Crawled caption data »
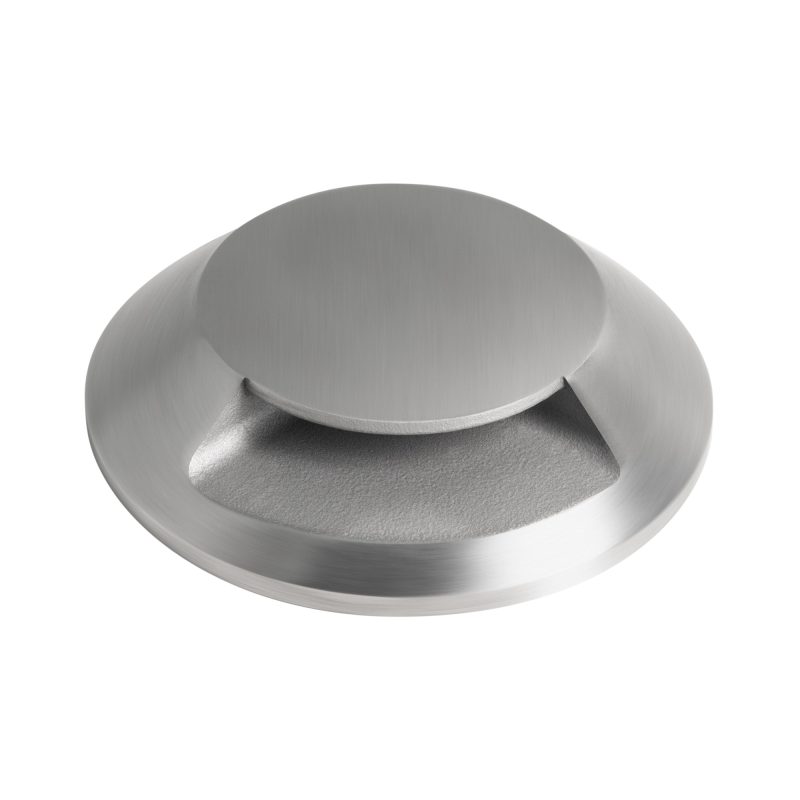 Накладка ART-DECK-CAP-LID1-R65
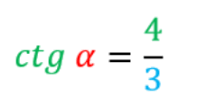 0800huzg-ed29-200x106.png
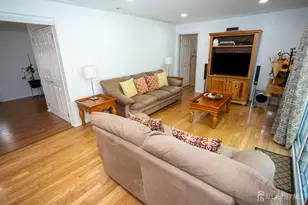 4 Avon Way, Sayreville, NJ 08859 - Photo 39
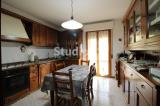 Appartamento, REGGELLO, 190.000 €, 105,00 mq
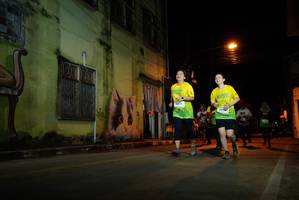 BIB: 
                            <button type="button" onclick="openModal(21785571)" class="btn btn-primary btn-sm float-right btn-popup" data-toggle="modal" data-target=".modal-high-quality">
                        <i class="fas fa-shopping-cart"></i> Add to Cart
                    </button>
                                            <button type="button" onclick="isThisMe(21785571, true)" class="btn btn-success btn-sm float-right btn-popup btn-isme hidden" data-toggle="tooltip" data-placement="bottom" title="นี่คือรูปของคุณใช่ไหม คลิกที่นี่เพื่อเอาเข้าอัลบั้ม">
                        <i class="fas fa-plus"></i> Add to album
                    </button>
                    <button type="button" onclick="isThisMe(21785571, false)" class="btn btn-warning btn-sm float-right btn-popup btn-isnotme hidden">
                        <i class="fas fa-ban"></i> Remove from album
                    </button>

WHAT YOU WILL DO »
Copy all lines of the records that have the string "hidden" in them.

ANSWER TO THE EXERCISE »
                                            <button type="button" onclick="isThisMe(21785571, true)" class="btn btn-success btn-sm float-right btn-popup btn-isme hidden" data-toggle="tooltip" data-placement="bottom" title="นี่คือรูปของคุณใช่ไหม คลิกที่นี่เพื่อเอาเข้าอัลบั้ม">
                    <button type="button" onclick="isThisMe(21785571, false)" class="btn btn-warning btn-sm float-right btn-popup btn-isnotme hidden">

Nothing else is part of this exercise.